Here is part I and part II below that.

http://www2.tbo.com/content/2010/apr/21/211620/homeless-mother-15-says-she-needs-help-justice/

Tampa Bay Online said:
TAMPA - The din of room 168 at the Economy Inn on East Busch Boulevard occasionally drowned out conversation.

Twelve children ranging from teenagers to toddlers to infants spent the past week here, scrambling across the floor, bouncing on beds. With eyes filled with resignation on Wednesday morning, they were hungry and dirty and they wore the same clothes as the day before and the day before that.

Angel Adams, the mom, was asking for help, as the children rambled about the room. She was homeless and hopeless, she said. A relative paid for the motel room for a week, and after that, who knows. Her fiancé is in prison. Her 1-year-old is named John The Baptist Brown.

With measured indignation, Adams said somebody owes her.
By the end of the day, help had arrived.

Nick Cox, regional director of the Florida Department of Children and Families, paid Adams a visit and, standing outside the motel room with all 12 children present, offered a solution. He said there was room at A Kid's Place in Brandon, a cottage large enough to house a family of 12. Wary of the offer, Adams agreed.

The lifelong Tampa resident said she wants justice from the Hillsborough County sheriff's child protection team that took her kids away from her two years ago and from Hillsborough Kids Inc., which got her kids back six months ago.

"What do I do?" she said earlier in the day. "I have no answers. My family has been railroaded. Someone needs to pay.

"Nobody's helping me."

She remained distrustful of the system, she said. It was a system that despite all good intentions landed her in the motel, in this fix, in the first place.

Others would disagree, saying Adams is the cause of her own problems.
This morning, inside the dingy motel room, Adams handed out a list of her children's names and ages. Across the top: "Three fathers. One Mother. Fifteen Children."

Ten of the children, she said, were fathered by Garry Brown, currently serving a five-year prison term for dealing cocaine. A sampling of his kids' names: Garry Nesha, Garry Brown Jr., Garry Lethia, Garryiell and Garry Rick.
Cuban sandwiches and packaged noodles were donated during the motel stay. In the room, a microwave sat on top of a mini refrigerator. No stove. One sink, one toilet, one shower. Everyone walked barefoot over a grimy stained green carpet.

The smell of dirty diapers filled the room. Jerome, 11, gave Andrew, 6 months, a bottle. "This is not comfortable," Jerome said.
The baby coughed and spit up on Jerome's hand. He didn't flinch and patted the baby on the back.

"The girls sleep on one bed," Adams said. "The boys sleep on the other. I just crash on the floor."

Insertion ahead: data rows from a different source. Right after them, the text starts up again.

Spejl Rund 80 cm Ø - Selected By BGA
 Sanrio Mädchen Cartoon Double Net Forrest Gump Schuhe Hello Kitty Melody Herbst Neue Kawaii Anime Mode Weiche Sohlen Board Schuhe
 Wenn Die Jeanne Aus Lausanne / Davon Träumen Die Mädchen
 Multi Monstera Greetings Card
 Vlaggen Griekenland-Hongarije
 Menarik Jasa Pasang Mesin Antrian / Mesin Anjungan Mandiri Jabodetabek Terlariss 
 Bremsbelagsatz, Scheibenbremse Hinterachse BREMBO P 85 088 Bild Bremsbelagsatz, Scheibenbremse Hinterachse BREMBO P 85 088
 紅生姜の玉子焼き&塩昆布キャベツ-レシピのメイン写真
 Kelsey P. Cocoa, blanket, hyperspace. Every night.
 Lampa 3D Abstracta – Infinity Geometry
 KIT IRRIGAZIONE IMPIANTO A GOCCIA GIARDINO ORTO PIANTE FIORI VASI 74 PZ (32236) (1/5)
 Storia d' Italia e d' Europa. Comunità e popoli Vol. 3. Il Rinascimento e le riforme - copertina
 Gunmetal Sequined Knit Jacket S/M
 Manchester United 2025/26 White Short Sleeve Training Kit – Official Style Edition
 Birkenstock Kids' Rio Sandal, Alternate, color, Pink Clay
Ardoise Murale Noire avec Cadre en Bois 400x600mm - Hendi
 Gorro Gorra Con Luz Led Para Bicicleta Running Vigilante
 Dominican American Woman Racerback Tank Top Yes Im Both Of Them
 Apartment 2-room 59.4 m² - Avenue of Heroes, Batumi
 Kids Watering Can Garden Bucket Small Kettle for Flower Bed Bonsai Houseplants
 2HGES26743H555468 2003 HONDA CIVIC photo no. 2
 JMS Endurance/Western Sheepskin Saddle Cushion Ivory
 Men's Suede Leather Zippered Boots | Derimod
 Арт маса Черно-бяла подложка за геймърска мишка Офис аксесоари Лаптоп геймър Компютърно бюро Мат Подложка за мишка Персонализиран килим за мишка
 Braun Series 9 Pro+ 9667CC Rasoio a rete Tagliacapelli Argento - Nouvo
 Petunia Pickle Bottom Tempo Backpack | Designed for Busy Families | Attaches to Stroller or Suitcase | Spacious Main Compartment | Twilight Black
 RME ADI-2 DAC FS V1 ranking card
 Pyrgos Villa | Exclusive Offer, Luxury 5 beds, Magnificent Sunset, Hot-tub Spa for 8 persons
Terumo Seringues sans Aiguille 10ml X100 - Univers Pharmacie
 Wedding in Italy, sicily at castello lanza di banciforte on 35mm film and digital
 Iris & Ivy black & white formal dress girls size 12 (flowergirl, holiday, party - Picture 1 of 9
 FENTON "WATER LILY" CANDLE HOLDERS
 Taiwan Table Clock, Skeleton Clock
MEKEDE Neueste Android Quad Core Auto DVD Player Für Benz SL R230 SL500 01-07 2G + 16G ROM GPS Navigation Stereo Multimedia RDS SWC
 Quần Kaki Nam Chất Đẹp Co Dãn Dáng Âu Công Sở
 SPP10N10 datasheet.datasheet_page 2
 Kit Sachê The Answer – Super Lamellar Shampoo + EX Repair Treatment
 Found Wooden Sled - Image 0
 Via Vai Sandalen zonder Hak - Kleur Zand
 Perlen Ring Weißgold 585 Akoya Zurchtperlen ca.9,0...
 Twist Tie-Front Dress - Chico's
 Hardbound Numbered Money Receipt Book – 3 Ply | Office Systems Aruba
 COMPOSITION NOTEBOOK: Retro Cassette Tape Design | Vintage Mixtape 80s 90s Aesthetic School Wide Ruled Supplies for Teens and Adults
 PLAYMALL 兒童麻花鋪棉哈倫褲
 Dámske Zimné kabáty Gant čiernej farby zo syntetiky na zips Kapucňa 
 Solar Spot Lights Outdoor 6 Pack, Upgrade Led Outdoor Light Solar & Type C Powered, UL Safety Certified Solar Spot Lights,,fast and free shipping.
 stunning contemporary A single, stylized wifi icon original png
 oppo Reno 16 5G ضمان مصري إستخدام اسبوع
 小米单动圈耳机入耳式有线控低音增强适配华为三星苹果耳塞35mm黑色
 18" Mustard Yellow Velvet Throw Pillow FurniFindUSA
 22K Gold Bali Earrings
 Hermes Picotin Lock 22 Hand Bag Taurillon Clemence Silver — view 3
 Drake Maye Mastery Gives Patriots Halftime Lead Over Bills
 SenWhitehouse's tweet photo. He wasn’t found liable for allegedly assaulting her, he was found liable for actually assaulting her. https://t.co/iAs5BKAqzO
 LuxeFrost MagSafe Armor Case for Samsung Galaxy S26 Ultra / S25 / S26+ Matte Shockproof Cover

The 12 kids are the youngest of 15 altogether, she said. Three have "aged out," meaning they have turned 18 and are on their own, no longer a part of the child welfare system.

"I can have as many as I want to," she said. All her kids, she added, "are gifts from God."

The 37-year-old mother doesn't work. "This is my work," she said gesturing toward the bunch. "I do this all by myself. I don't know what I'm going to do. This is a revolving door going nowhere."

She said her problems began two years ago when Brown was arrested and the money dried up. Right after that her children were taken away and put into foster care over allegations of neglect, she said.

Hillsborough Kids stepped in and took the case, eventually returning the children to her and Brown. Before Christmas, the couple took a two-bedroom apartment off North Boulevard near Columbus Drive.
Hillsborough Kids agreed to pay the $800 a month rent after caseworkers inspected the apartment and, though a bit cramped, said it was OK.
But the landlord, who evicted Adams in March, thought differently.
Sandy Chiellini said Adams showed up to sign the lease with Brown and one child. She didn't learn until later that there were 11 other children. There were problems with plumbing, downstairs tenants were flooded. There was noise, and occasional visits from police. Other tenants were complaining. Some left.

She said Adams' apartment was trashed. Clothes and food were scattered everywhere, screens were broken out. Chiellini began eviction proceedings. Adams failed to show up for two eviction hearings.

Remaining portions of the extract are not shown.